Task brief » Look through the records below for the line with "Фото: ньюфаундленд Elovaya". Return that line and each one after it up to and including the line with "Pronájem zahrady 1015 m² – fotografie 2", exactly.

Records provided »
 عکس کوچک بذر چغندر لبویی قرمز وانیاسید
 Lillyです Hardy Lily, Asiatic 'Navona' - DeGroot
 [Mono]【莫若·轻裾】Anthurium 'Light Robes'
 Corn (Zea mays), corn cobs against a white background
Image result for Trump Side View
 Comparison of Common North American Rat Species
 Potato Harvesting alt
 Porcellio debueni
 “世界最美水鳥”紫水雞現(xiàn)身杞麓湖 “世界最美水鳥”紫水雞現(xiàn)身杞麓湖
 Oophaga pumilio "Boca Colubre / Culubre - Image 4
* * *
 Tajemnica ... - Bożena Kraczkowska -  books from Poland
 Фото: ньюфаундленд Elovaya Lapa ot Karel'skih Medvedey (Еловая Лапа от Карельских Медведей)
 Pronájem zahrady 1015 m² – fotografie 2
---
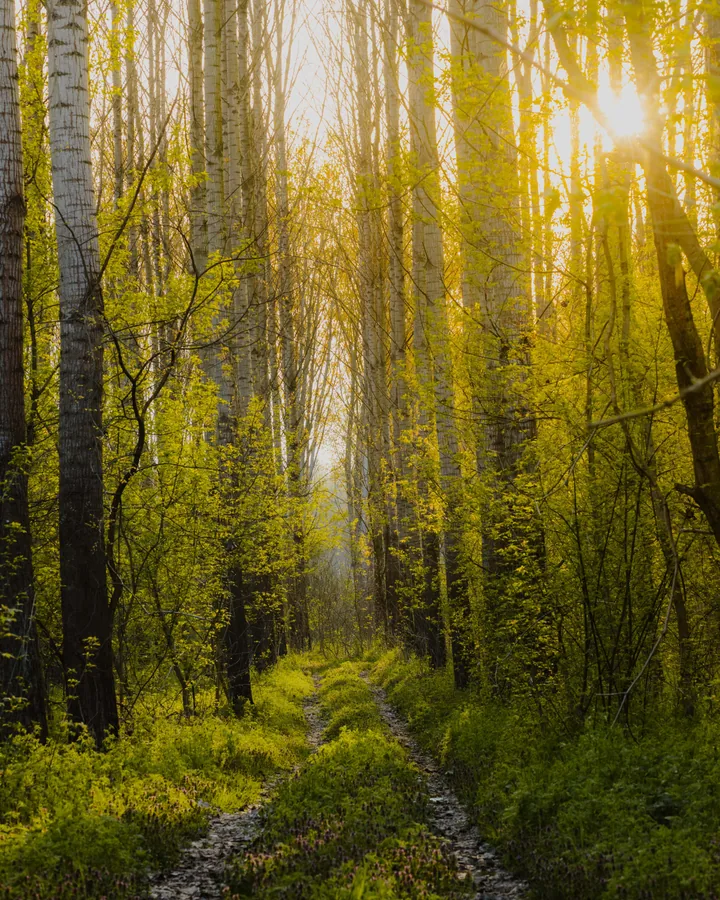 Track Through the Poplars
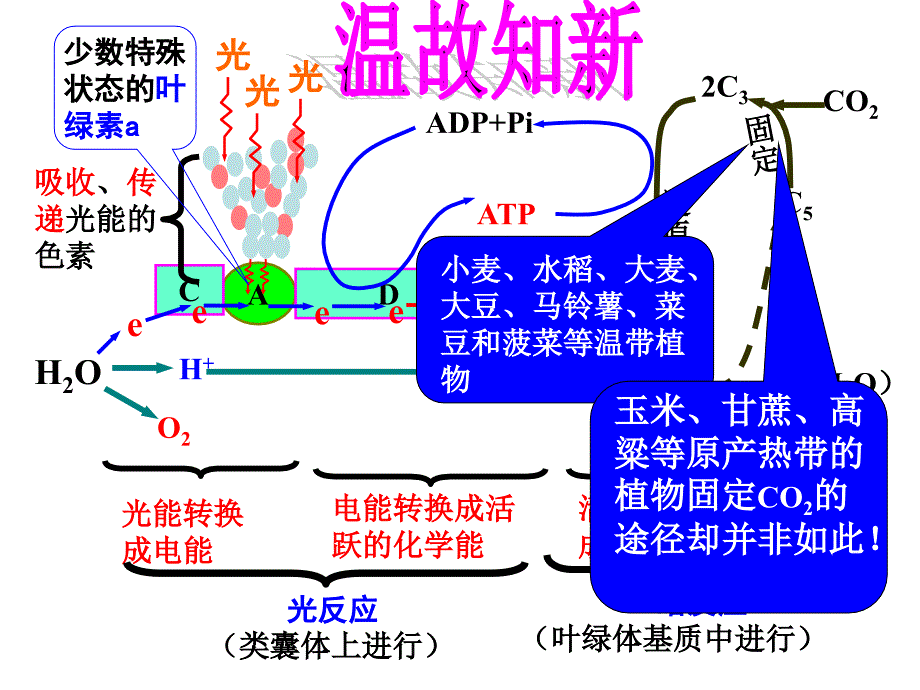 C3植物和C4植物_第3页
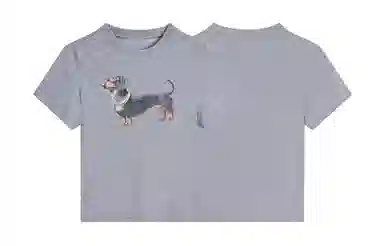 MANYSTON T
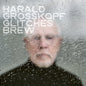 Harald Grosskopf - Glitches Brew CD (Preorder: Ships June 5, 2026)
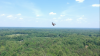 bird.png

Answer below »
 Фото: ньюфаундленд Elovaya Lapa ot Karel'skih Medvedey (Еловая Лапа от Карельских Медведей)
 Pronájem zahrady 1015 m² – fotografie 2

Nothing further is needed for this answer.